- **Aim of the exercise**: Reproduce verbatim the lines of the material below, starting at the line with "Orange Calcite Thumb Stone ~40mm" and ending at the line with "3-amino-2-[(1-methyl-1H-pyrazol-4-yl)methyl]propan-1-ol Struktur", both inclusive; skip the rest.

- **Provided data**:
*** Block opens ***

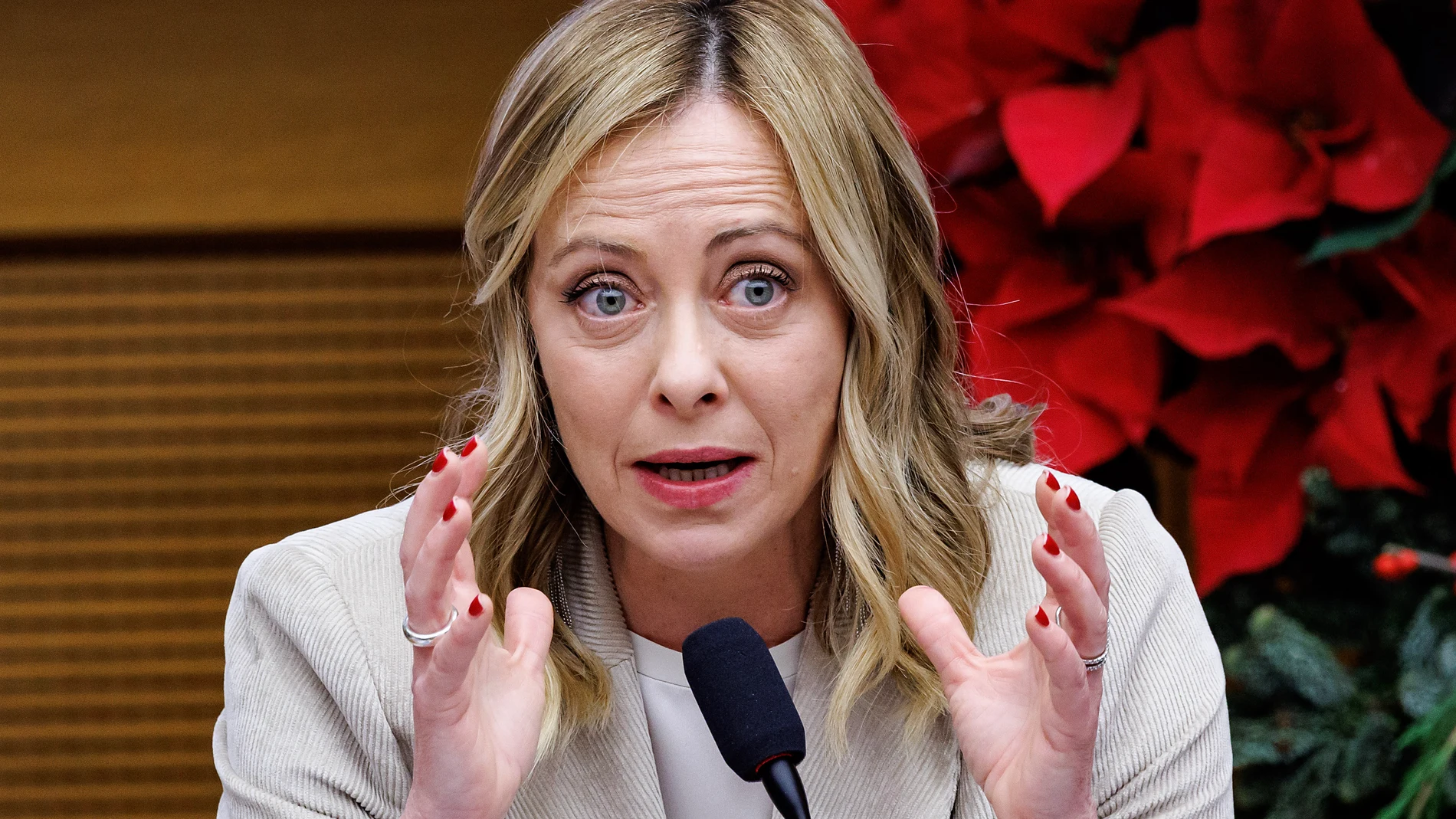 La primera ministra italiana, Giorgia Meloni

*** Block closes ***
*** Block opens ***

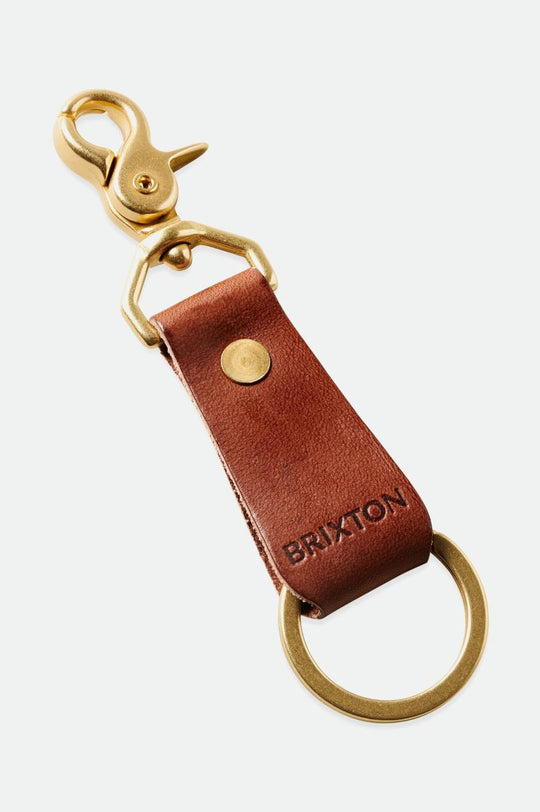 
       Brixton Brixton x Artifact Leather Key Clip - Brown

*** Block closes ***
*** Block opens ***

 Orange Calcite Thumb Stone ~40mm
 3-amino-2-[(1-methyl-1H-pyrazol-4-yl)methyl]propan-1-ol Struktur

*** Block closes ***

- **Answer to this task**:
 Orange Calcite Thumb Stone ~40mm
 3-amino-2-[(1-methyl-1H-pyrazol-4-yl)methyl]propan-1-ol Struktur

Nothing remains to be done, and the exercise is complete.